Usurpation d’identité et faux papiers : deux suspects déférés après une vaste enquête de la DNLT
SENTV : La Police nationale a porté un coup dur à la fraude à l’état civil avec le démantèlement d’un réseau spécialisé dans l’obtention frauduleuse de documents administratifs sénégalais. Deux individus ont été déférés ce lundi devant le parquet du Tribunal de Grande Instance de Saint-Louis par la Division Nationale de Lutte contre le Trafic de Migrants et pratiques assimilées (DNLT), relevant de la Direction de la Police aux Frontières.
Les mis en cause sont poursuivis pour association de malfaiteurs, faux et usage de faux en écritures publiques authentiques, ainsi que pour obtention indue de documents administratifs sénégalais.
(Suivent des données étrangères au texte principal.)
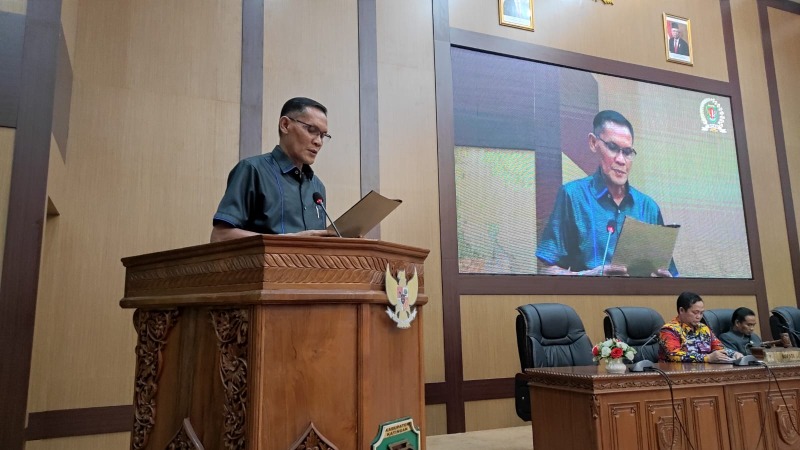 Dua Kecamatan di Katingan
L’affaire trouve son origine lors d’une opération de surveillance menée aux abords des points de passage non officiels près du village de Thiambène, dans la zone de compétence du Commissariat spécial de Rosso. Les agents y ont interpellé un individu porteur de documents manifestement contradictoires : carte nationale d’identité sénégalaise, permis de conduire, certificat de nationalité, mais également un passeport ordinaire d’un pays voisin.
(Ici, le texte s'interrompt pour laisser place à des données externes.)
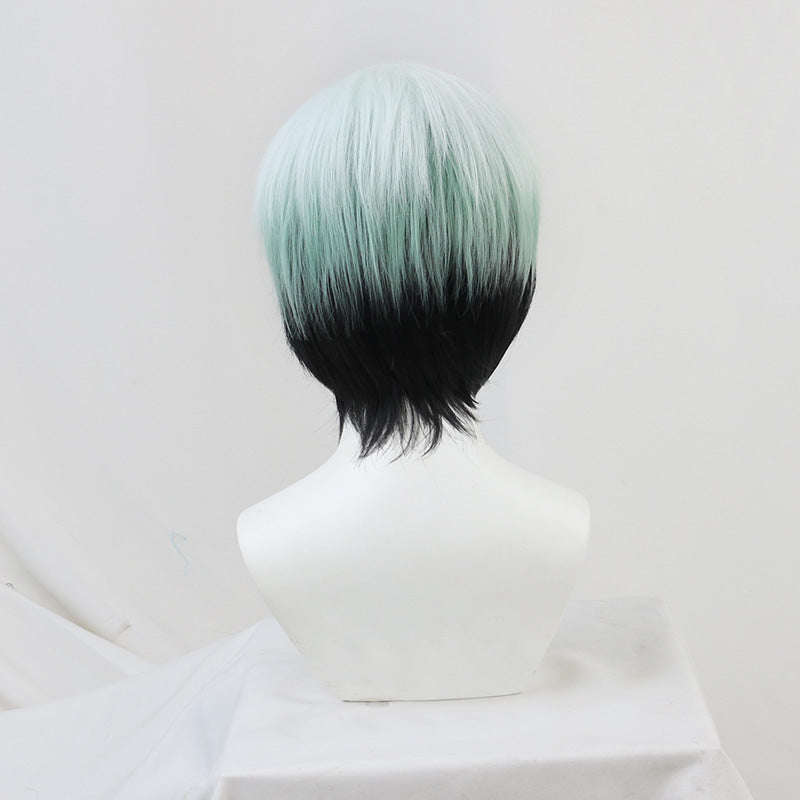 Demon Slayer: Kimetsu No Yaiba Yushiro Cosplay Wig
Face aux enquêteurs, l’intéressé a d’abord tenté de légitimer sa situation en évoquant une inscription tardive à l’état civil, réalisée auprès du Tribunal d’Instance de Thiès.
Les vérifications approfondies opérées par la DNLT ont rapidement mis en évidence de graves incohérences. Les investigations ont notamment révélé qu’en 2022, l’épouse du suspect, de nationalité étrangère, avait déjà été interpellée pour des faits similaires. À l’époque, plusieurs volets n°1 provenant de la commune de Boki Dialloubé avaient été saisis.
Acculé par les preuves, le mis en cause a fini par reconnaître avoir usurpé l’identité de son oncle, dans le but de remplir frauduleusement les conditions d’accès à la nationalité sénégalaise.
La fouille de ses bagages a permis de mesurer l’ampleur du réseau. Les policiers ont découvert un important lot de documents vierges ou falsifiés issus de plusieurs localités du pays, notamment Tambacounda, Ndame et Koumpentoum, ainsi que des pièces d’identité étrangères, notamment guinéennes et mauritaniennes.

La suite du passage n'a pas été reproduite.